Entrar Via

Cuando el Anillo Cayó al Polvo romance Capítulo 935

Sabrina le dio unas palmadas tranquilizadoras en la mano a Joana.

Joana también recordó lo importante:

—Cierto, este asunto todavía está pendiente. Sabrina, ¿qué piensas hacer?

—Por mi parte, voy a aclarar todo sobre el Festival Nacional. Jamás te ayudé por debajo del agua —Sabrina meditó un momento—. Además, lo de nuestra colaboración con la fábrica textil también se hizo por los canales correctos. Si quieren pruebas, que empiecen por la fábrica con la que trabajabas antes.

Al decir esto, Sabrina sintió un leve dolor de cabeza.

Tener tantos problemas acumulados así, de verdad le revolvía el ánimo.

Joana continuó:

—Yo ya le pedí a Paulina que recolecte pruebas, pero a ese bloguero… todavía no logramos contactarlo.

—Pues mejor ni lo busquen.

Sabrina hizo un ademán decidido con la mano:

—Saquen las pruebas ya. Que todos las vean y juzguen quién dice la verdad. No puede ser que cualquiera venga a inventar cosas y ensuciar tu nombre nada más porque sí.

La mirada de Joana se tornó seria:

—Eso mismo pensaba. Además, voy a demandar a ese bloguero.

—Justo lo que yo tenía en mente.

Sabrina y Joana se cruzaron una mirada, y sin decir nada, supieron exactamente lo que la otra pensaba.

Joana sonrió con calidez:

—Por eso me gusta tanto convivir contigo. Después de tanto tiempo, solo tú me entiendes así.

—Por eso soy tu compañera, ¿no?

Joana apenas esbozó una risa.

A pesar de todo lo que habían pasado, el lazo entre ellas no hacía más que fortalecerse, sin señales de romperse.

—Te llevo a tu casa —dijo Joana, mirando a Sabrina con intención de ayudarle a poner todo en orden.

Pero Sabrina fingió poner cara seria:

—¿Cómo crees?
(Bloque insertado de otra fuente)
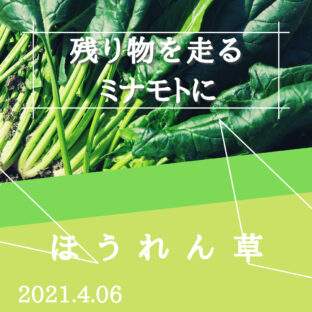 【ほうれん草】残り物がロードバイクにもたらす良い影響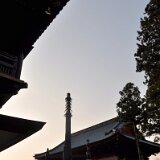 DSC 0015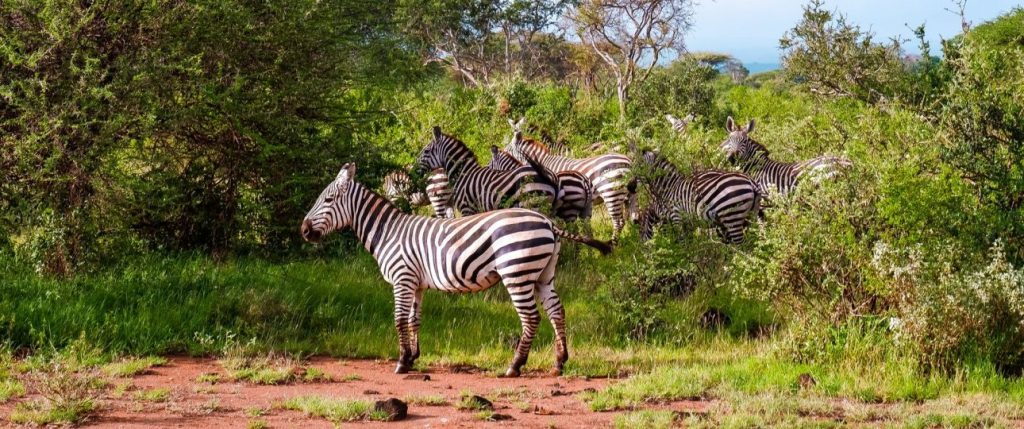 Diani Beach First-Time Safari Guide: Practical Safari Guide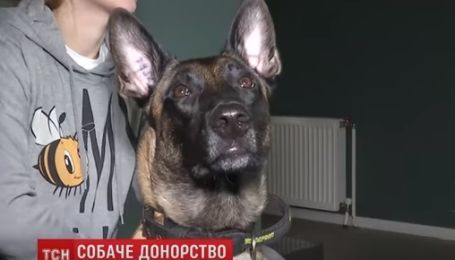 В Украине владельцы собак-доноров группируются в соцсетях, чтобы спасать собачьи жизни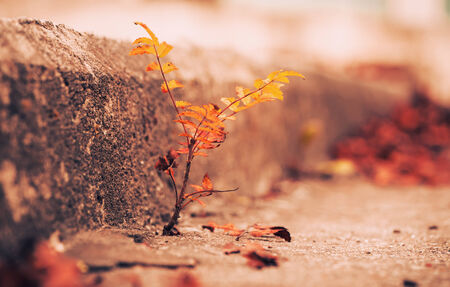fall plant on a stone stairの写真素材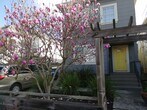Primary Photo - 5842 Occidental St
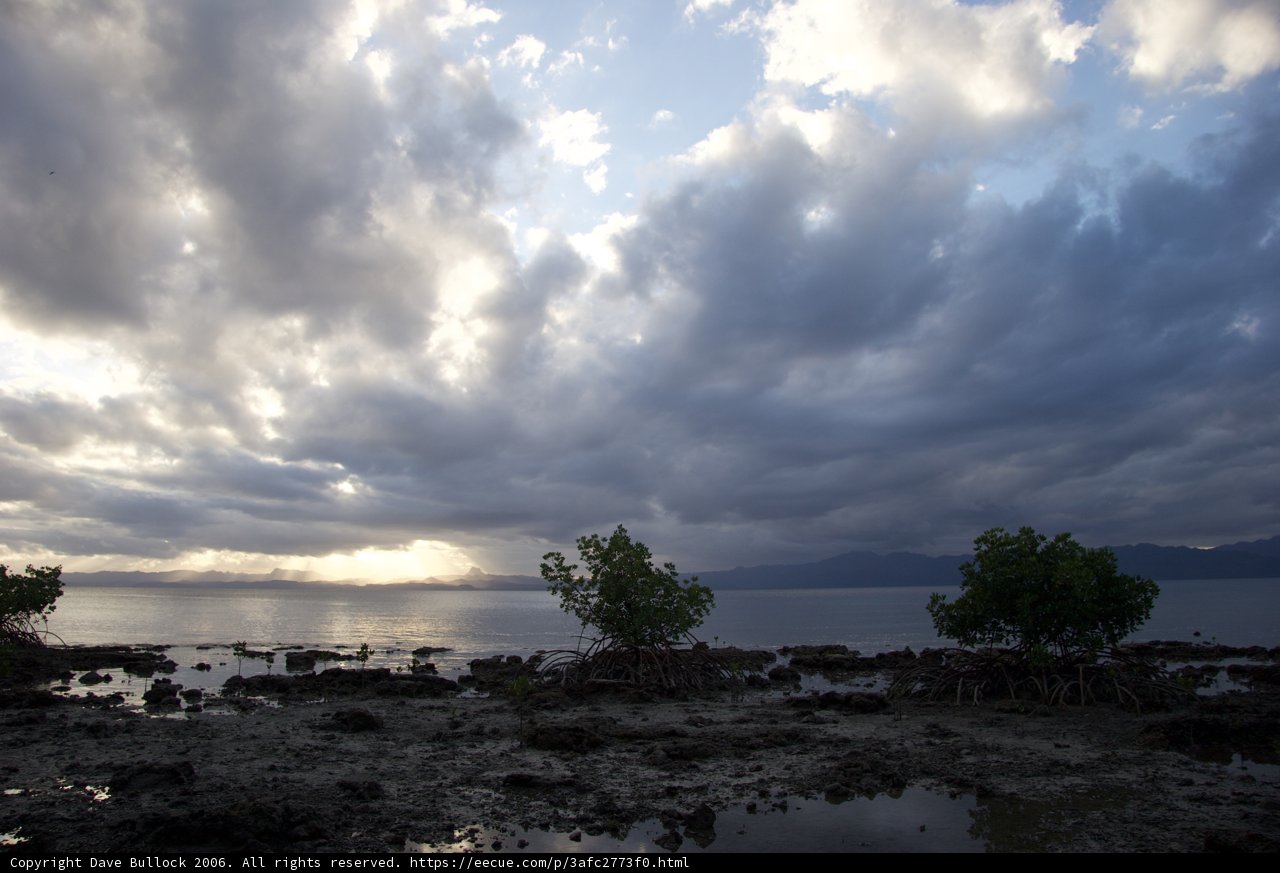 Dramatic Cumulus Clouds Over Fiji Trees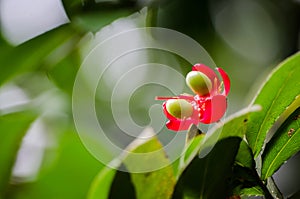 Mickey mouse plant red flower with its green seeds in a spring season at a botanical garden.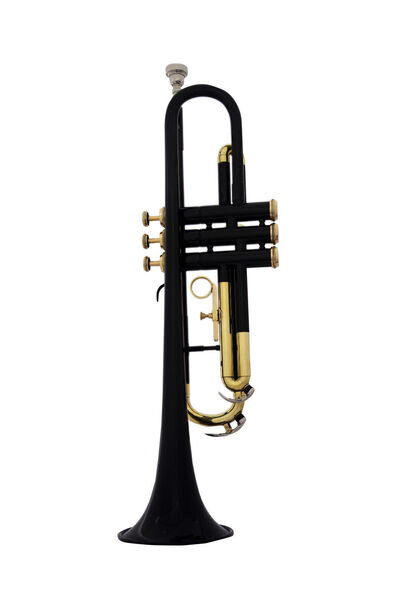 Trumpet NEW ELEGANT DELUXE BLACK BRASS COLOUR STUDENT Bb TRUMPET FREE CASE+M/P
Si tú eres la dueña de Estudio Renacer, tus manos son para dibujar bocetos, no para andar limpiando. Yo buscaré a alguien que me ayude.

Joana abrió la boca, lista para insistir, pero Sabrina le tapó la boca con la mano:

—Ya, déjalo así. Esta vez, me haces caso.

Al ver que Sabrina no iba a ceder, Joana solo asintió.

—¿No tienes nada claro y aun así me vienes a contar?

—Yo… bueno, pensé que era mejor avisarle antes…

Ezequiel se limpió el sudor de la frente.

Así es esto: un solo gesto de ese empresario bastaba para helarle la sangre.

Vaya futuro el que le esperaba.

Los ojos de Arturo reflejaron un leve destello:

—¿Tengo que enseñarte cómo avisarme de estas cosas?

—No, señor Zambrano, me pongo en eso ya mismo.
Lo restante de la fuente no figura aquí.